The project, budgeted in 2001 at $2.6 billion, now has doubled to $5.1 billion, officials said.
Stutzman and transportation chief Sunne Wright McPeak said the administration isn't leaving Bay Area officials hanging on the project, however.
They said they hope to get the Legislature to pass a bill authorizing a ballot measure this November for voters in seven Bay Area counties to decide if they want the recent $1 Bay bridges toll increase to go to this project.
Bay Area voters this year agreed to increase tolls on most Bay Area bridges from $2 to $3 to pay for a variety of regional transportation improvements.
"We are giving the Bay Area the chance to complete this" project, McPeak said.
McPeak suggested the state would help clear the way if Bay Area officials want to increase bridge tolls to $4.
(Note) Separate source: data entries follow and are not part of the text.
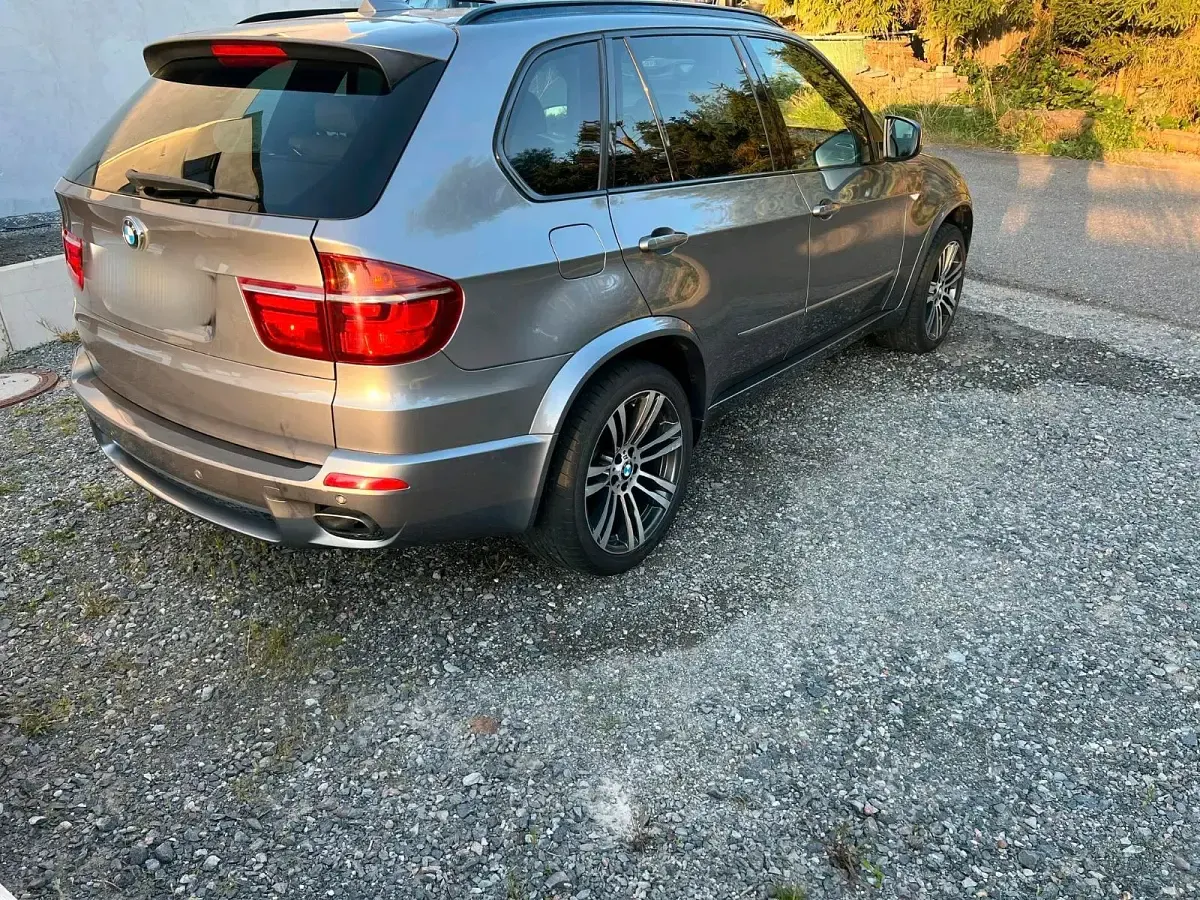Gebraucht BMW X5 Performance 306 PS (225 kW) 2013 Grau SUV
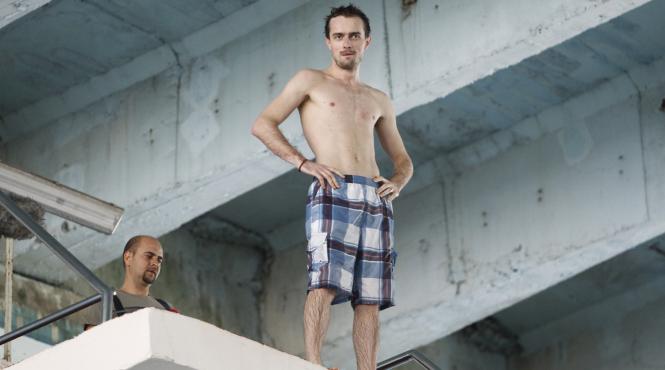 la icomedy cosmin selesi il provoaca pe mikey hash sa sara in apa de la o inal ime de zece metri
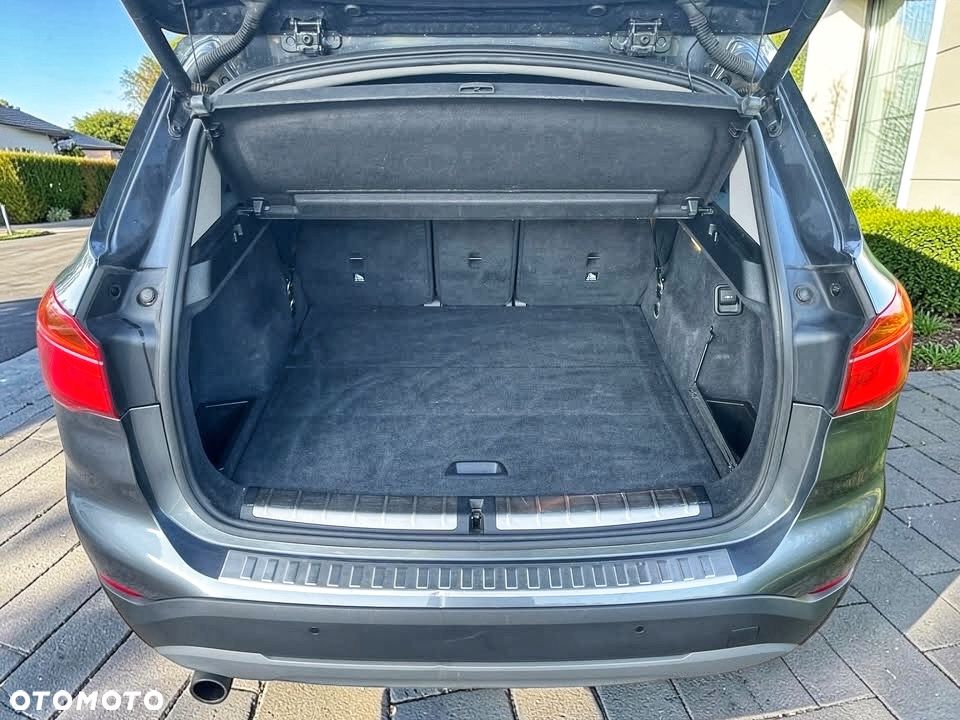 BMW X1 sDrive18i - 10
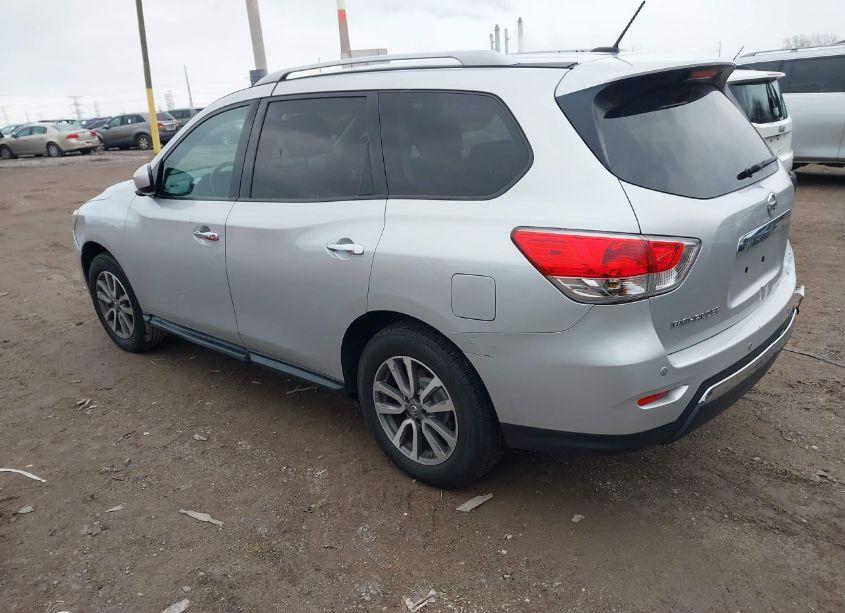 Photo 3 of 2014 Nissan Pathfinder SV (VIN 5N1AR2MM8EC633060)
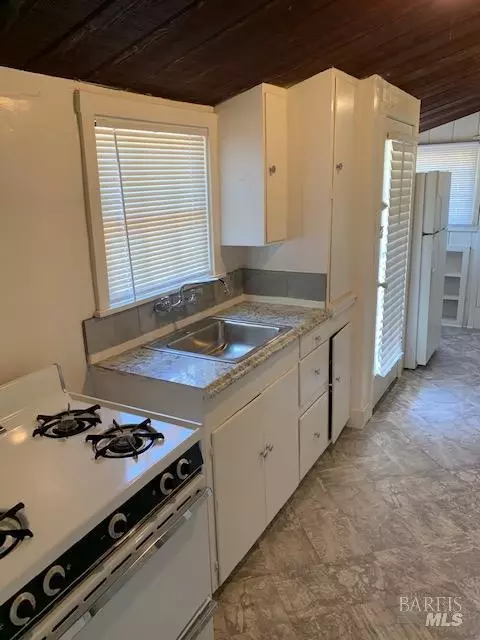 Kitchen - 836 Taylor St, Fairfield, CA 94533 photo 4 of 4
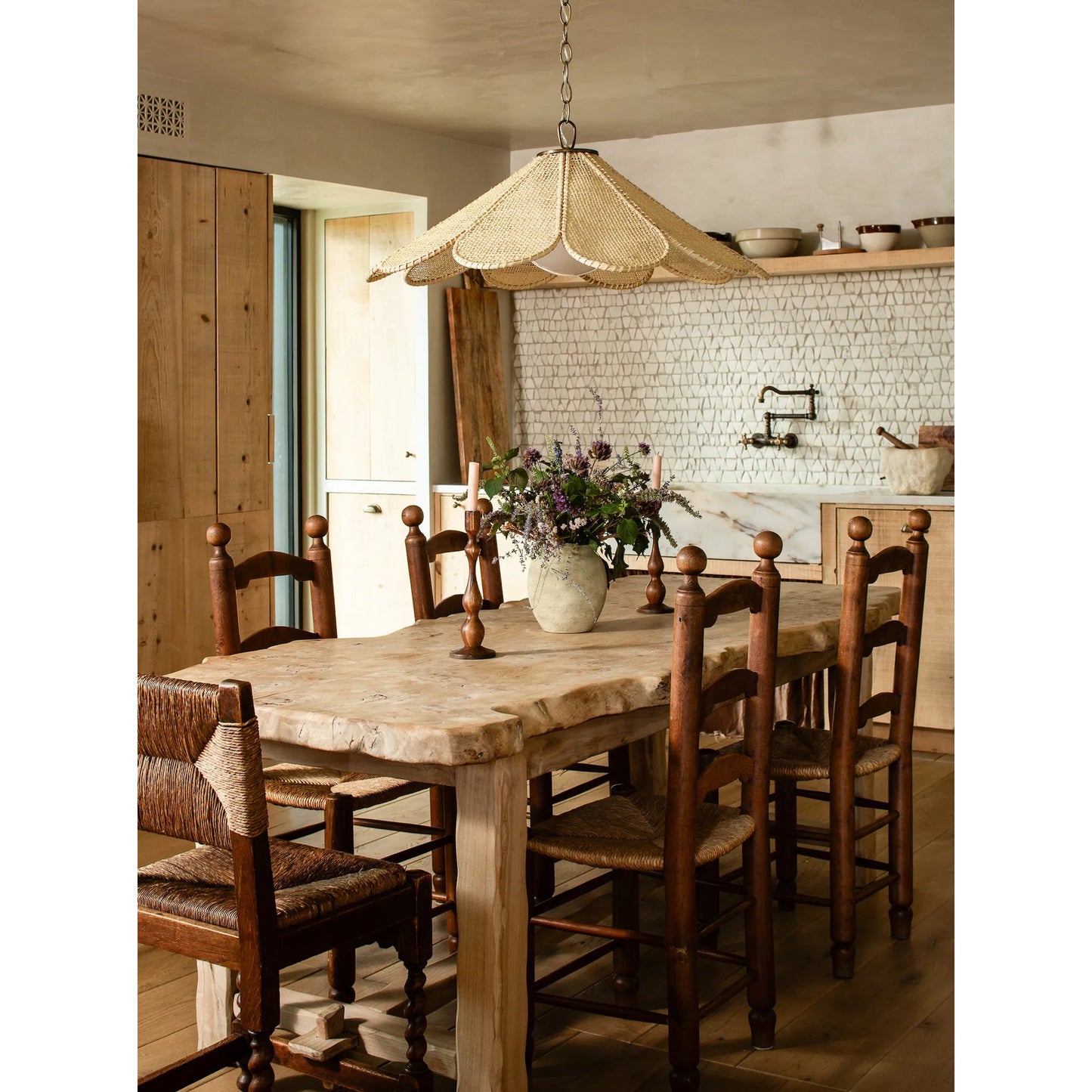 003 SI-2472569 | Lifestyle | Petal Pendant by Troy in patina brass. Made from unique in a rustic style.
Capitol transportation officials said the announcement came as a surprise Monday to people outside of the administration. Assembly Transportation chair Jenny Oropeza, D-Long Beach, and others said they had to demand a hasty briefing of their own from the governor's administration.
Sen. John Burton, D-San Francisco, assailed the administration's stance, pointing out the plans were made without consulting Bay Area officials.
He vowed that the administration's anticipated legislation to divert a dollar of the $3 bridge toll "will not pass." He also disputed the administration's contention that Bay Area residents alone should pay for the cost overruns.
"The governor's office is full of baloney on that," he said. "The Bay Bridge is an interstate and a state highway. If it falls down, I don't know how people from L.A. get to Sacramento."
Administration officials counter that Gov. Arnold Schwarzenegger doesn't believe the rest of the state should be asked to sacrifice any of their local transportation funds to help finish the bridge when transportation budgets already are so thin.
Oropeza suggested that Bay Area officials could consider designing a less costly suspension section and tower.
"Not that I want an ugly bridge, but some esthetic elements may need to be dropped in the interest of keeping the toll as low as possible," she said.
The Senate Transportation Committee chairman, Los Angeles Democrat Kevin Murray, said he would be willing to author a bill with key elements of the governor's proposal.
"The only bill that will pass would have to be agreed upon by many parties," he said. "We will use the governor's proposal as a significant starting point."
Murray said the rest of the state has helped pay for budget increases on the bridge project in the past, but this time, "people in Southern California, the Central Valley and Sacramento are not going to want to foot this bill."
Senate Transportation Committee staff director Steve Schnaidt said it is unlikely the governor's proposals will stop the bridge project mid-span.
"We are replacing an old, outdated bridge," he said. "There are (seismic) safety issues. It would be unreasonable to assume the project would be halted." The project was conceived in the 1990s as a seismic retrofit effort after the 1989 Loma Prieta earthquake slightly damaged the east span of the bridge.
The administration also on Monday announced an audit of the state's seismic retrofit program involving seven toll bridges in California – with the focus on the Bay Bridge – to see what went wrong and how it can be avoided in the future.